The 2024 budget represents important progress towards stronger fiscal
buffers. Given Antigua and Barbuda’s high debt and financing needs, and
susceptibility to external shocks, measures to improve the fiscal position are

critical to help reduce vulnerabilities. The 2024 budget includes a package of
revenue measures—in particular, increasing the standard ABST rate and
broadening its base, introducing excise taxes on alcohol, tobacco, and cannabis
products, and raising property taxes for high-end properties—that is expected to
improve the fiscal position by around ½ percent of GDP in 2024. Room remains to
strengthen the fiscal position further, including through closer adherence to the cap
on discretionary tax exemptions, and continuing the recent efforts to enhance
expenditure commitment controls.”
Credit market developments reflect the broader pickup in activity. Bank credit
to the private sector rebounded by 7 percent in 2023, after contracting in the
previous two years. Credit unions have expanded rapidly over several years, with
loan growth moderating to around 8 percent in the year through 2024Q1. Non-
performing loans for both banks and credit unions, as a share of total loans, are
modestly above the prudential level of 5 percent. Stronger oversight and regulation
of credit unions, including through risk-based capital requirements, would promote
a level playing field across the financial sector and support asset quality.”
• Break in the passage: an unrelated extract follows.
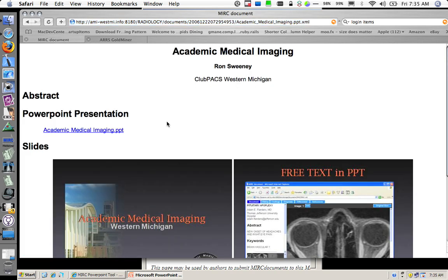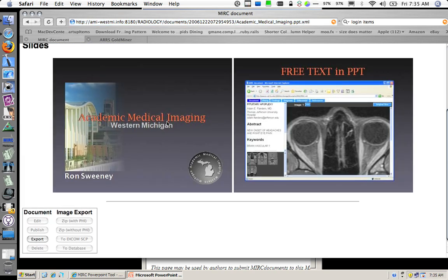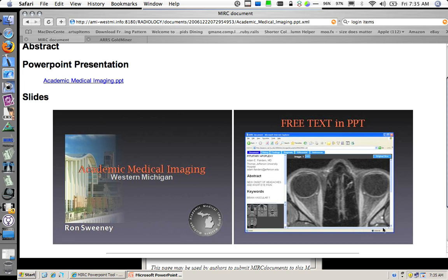And there it showed me back to the actual PowerPoint presentation. And if I wanted to download this, I could download this on my computer. This is in JPEG format here.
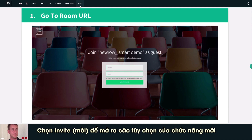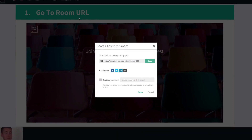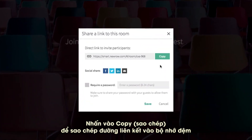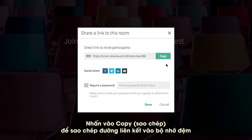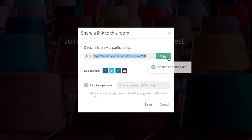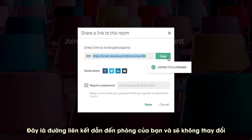Select Invite to display your invite options. Click Copy to copy the link to your clipboard. This link is the link to your room, and it does not change.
Further work is needed to address persistent data gaps. The statistical
authorities have made efforts to update the national accounts and improve data
quality. Ensuring sufficient resources for completing the Population and Housing
Census, the Producer Price Index and the 2023 Labour Force Survey, and reporting
on the financial operations of state-owned enterprises, would facilitate evidence-
based policy making and transparency.”
“The IMF team thanks the authorities and other counterparts for their collaboration
and support, as well as for the valuable discussions.”